As a senior, with Ganakas gone and more Spartans looking for shots, Robinson's average slipped to 22.4 points, just behind Michigan's Campy Russell. If he had sat out a week instead of playing hurt, Robinson could've been a three-time scoring king.
But he had a layup with :08 left in a 67-66 win at Minnesota, a three-point play on a putback with :04 left in a 73-70 win at Northwestern and a 20-footer at the buzzer for a 76-74 win over Purdue.
If Robinson had gotten the ball, as planned, chances are good they also would've beaten No. 3 Notre Dame, instead of losing on a Terry Furlow airball and a Billy Paterno buzzer-beater.
"It was pretty frustrating at the time," Robinson said. "I really think we had more talent than Magic (Johnson) did five years later. But we had a lot of distractions and too many politicians on the team. Some egos were way out of control."
When Robinson left as a seventh-round pick of the Cleveland Cavaliers, the Spartans were scarred by a player walkout and mass suspension that ultimately cost Ganakas his job.
"If I'd been there, I really believe they wouldn't have walked," Robinson said. "Yeah, there were problems brewing back then. But they knew I wasn't into that. I said, `What we need to do is win some ballgames.' Gus could've done that. He'd already recruited Greg Kelser and had Magic in his back pocket. Instead, Jud Heathcote walked into a gold mine."
Despite scoring 40 points in a final scrimmage with the Cavs, Robinson was the team's final cut. It already had Foots Walker under contract and couldn't keep two guards under 6-foot. The Cavs elected to keep 7-foot center Luke Witte of Ohio State.
Robinson wound up playing with Athletes in Action and the Grand Rapids Tackers while working as an ombudsman for the Grand Rapids schools.

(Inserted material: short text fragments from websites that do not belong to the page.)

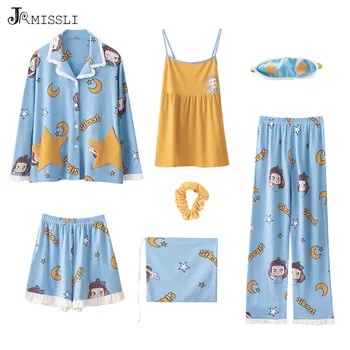 JRMISSLI пижами и комплекти от памук печат голям размер Дама пижами Дамски пижами костюм на домашна облекло пижами Femme
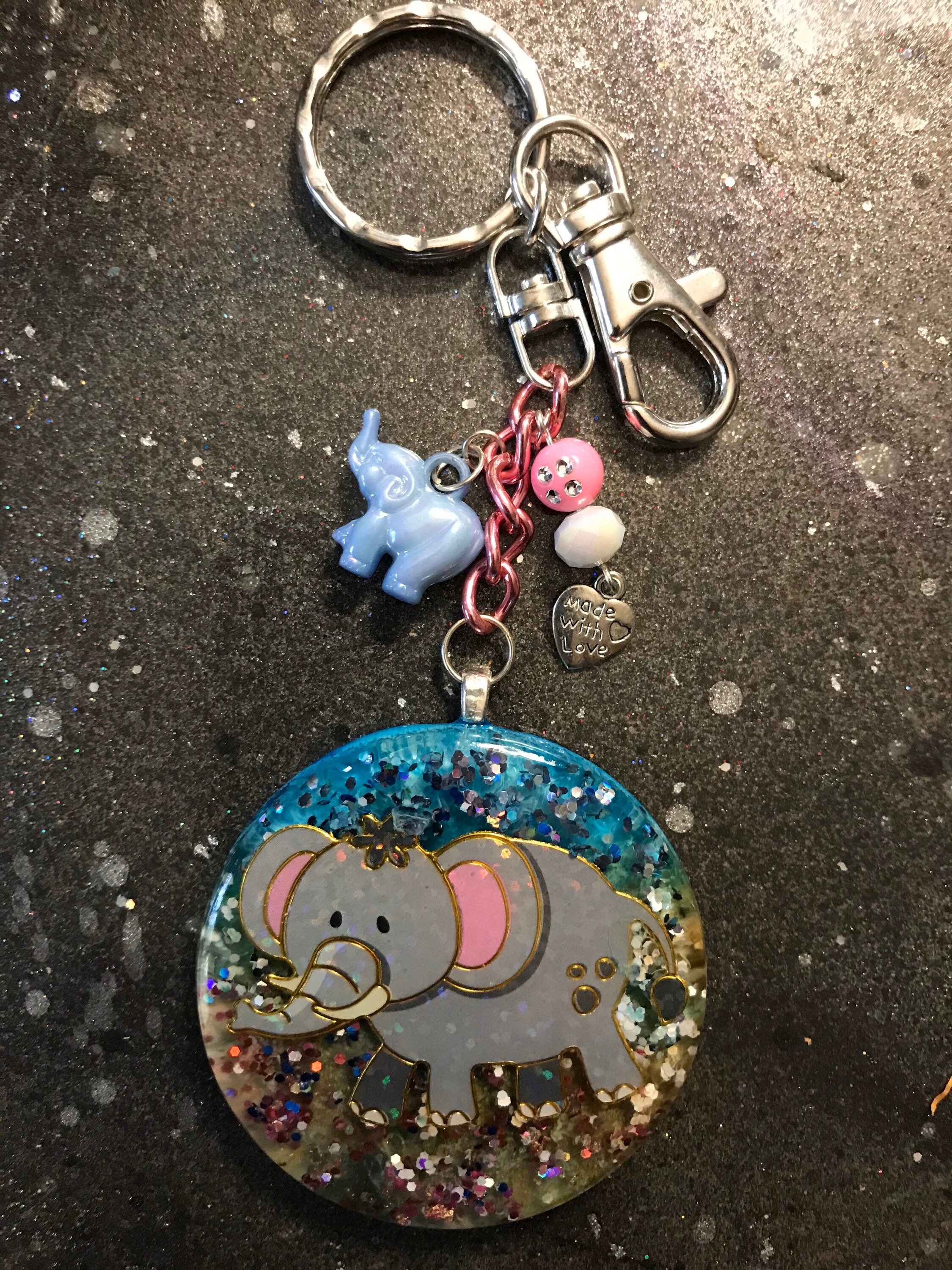 Elephant Resin Keychain Etsy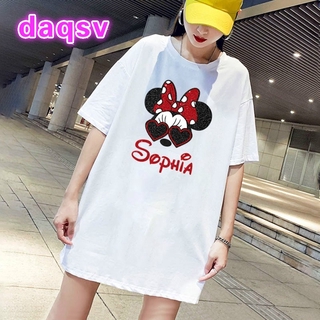Đầm Suông Tay Ngắn In Hình Chuột Minnie Và Chữ Minnie Dễ Thương Cho Nữ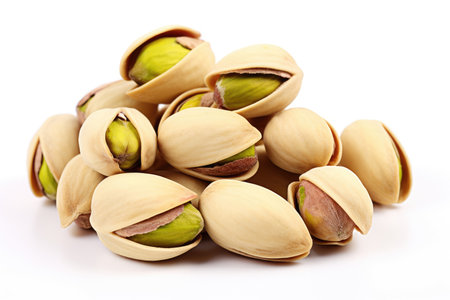Pistachios on a white backgroundの素材
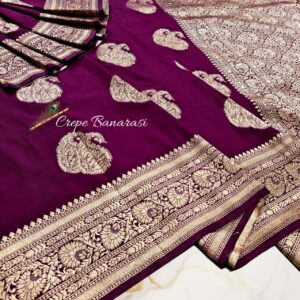 Regal Plum Crepe Banarasi Handwoven Saree with Antique Gold Zari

He had chances to sign overseas but chose to play on a different level - and to play and play and play. He's still active in a 50-and-over competitive league and has represented his country in the last six World Masters Championships, winning a gold medal in Edmonton.

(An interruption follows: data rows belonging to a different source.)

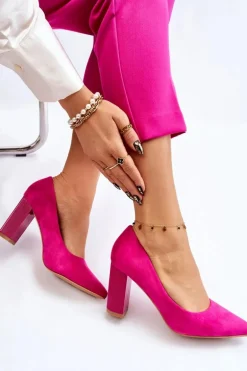 Zamszowe Czółenka Na Modnym Obcasie Fuksja Estellia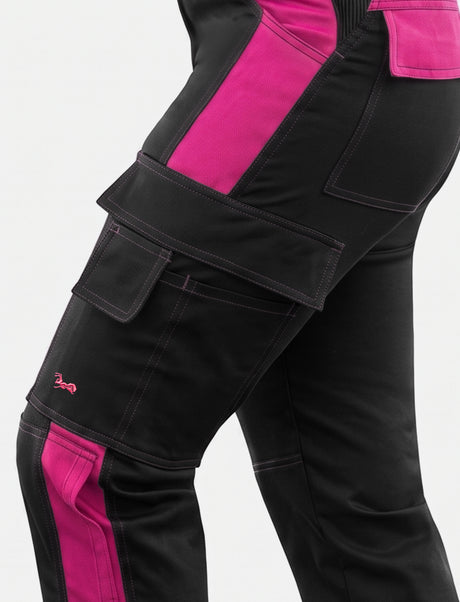 Women's work dungarees stretch with knee pad pockets work trousers cotton
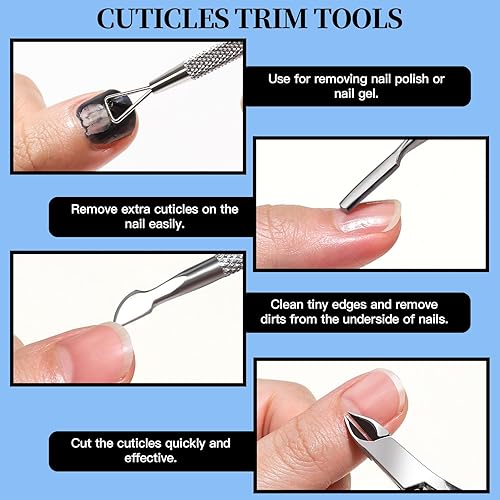 Miniatura 4 de FANDAMEI Juego de manicura para uñas, limas de uñas 100180, bloque de pulidor de uñas, pinzas para cutículas, empujador de cutículas, pelador de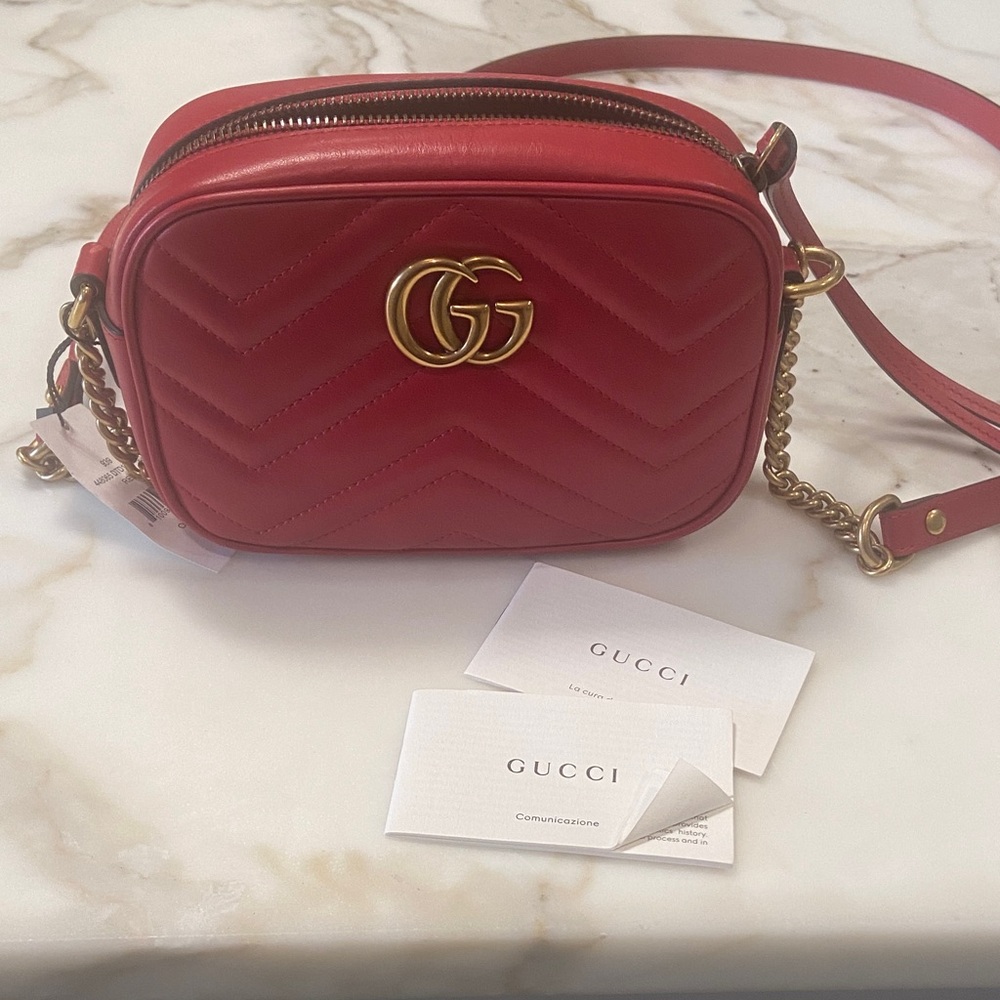 Gucci Red Quilted Crossbody Bag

When Robinson returned to campus to complete one degree and work on another, he was a teaching assistant in physical education and an adviser in Brody Complex. He worked for Meijer in its distribution center, for General Dynamics in tank production, for Coca-Cola as a warehouse supervisor and for Solomon Software as a programmer.
Currently, he owns MARZ Systems, specialists in home healthcare software. But there has never been anything soft about Robinson as a competitor. Just ask his stunned opponents.